The homepage of the FXFOWLE website is flashy, with a captivating 3D scrolling effect. But importantly, they also know when to drop the fancy effects, as the pages on their website that contain more information are simply organized with detailed submenus and filters.
The Jury's Out
Many of the firms already listed above are large international operations—big practices, unsurprisingly, are more likely and able to invest in their online presence. But in addition to these exemplar designs, there are many that are more polarizing; websites that, while technically flawed in some obvious ways, have designs that some people can't resist. Interestingly, these also usually belong to large, internationally renowned firms, who have a strong enough profile to break the rules and make a statement with their web presence.

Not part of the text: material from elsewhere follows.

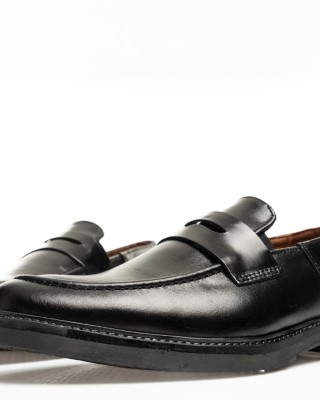 Παπούτσι Northway μαύρο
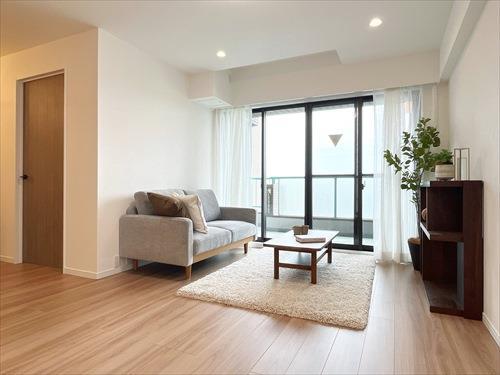 ＬＤＫ約２０．１帖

The layout of OMA’s webpage really isn’t the easiest to use, with densely packed information throughout. With the amount of information included in the website though, this is somewhat understandable, and a variety of filters and other techniques are on offer to help you process things, with varying success. A nice touch, though, is how they display recent Instagram images from their built projects using the location's geotag. It's refreshing to see a firm give that much presence to the way people are actually using their buildings.
You either love it or hate. Either way, the personality of BIG shines through, simultaneously making it so good (and, on the other hand, so hard to use).
DS+R’s project presentation looks great and has some convenient filters to help you search through their large number of projects. However, loading times may vary.
After waiting until 2011 (yes, 2011, seriously) before launching a website at all, Herzog & de Meuron decided to keep it old-school with a website design that clearly references early-1990s digital technology. The stark, text-based browsing system and succession of pop-up windows are certainly unique and interesting, but is your website really the place to make such a conceptual statement?
Things to Avoid
Finally, if there’s one thing our editors know more about than what makes a good website, it’s what makes a bad website. It’s often said that bad design is much more noticeable than good design, and that’s certainly true when all you want is an email address or the completion date of a project and can’t find it. Now, you may notice that some of our “best-practice” examples above occasionally make use of the techniques to avoid below--the important thing is that breaking the rules is ok in moderation, and while doing one of the things below for creative may be ok, multiple infringements start to become frustrating. So without further ado, here are a few things we truly hate to see in websites:
- If your site loads slowly, it means it’s broken.
- Sites where the navigation menus aren’t clearly worded, so it’s not clear where you need to go.
- Sites that look busy, have densely packed information, or too much information.
- On the other hand, sites that lack basic information such as completion dates or locations.
- Sites with poor quality or pixelated images.
- Slideshows with no gallery preview.
- Slideshows and other objects in popups.
- When designs attempt to be too creative and you have to guess where to click.
- An “Intro” Button. So 90s.
- Fonts like Century Gothic on a black background. It’s too thin.
- And finally, websites that put personality before work. We’re sure you’re a lovely person (or group of people). But social media is for personalities; your own website should focus on what you do.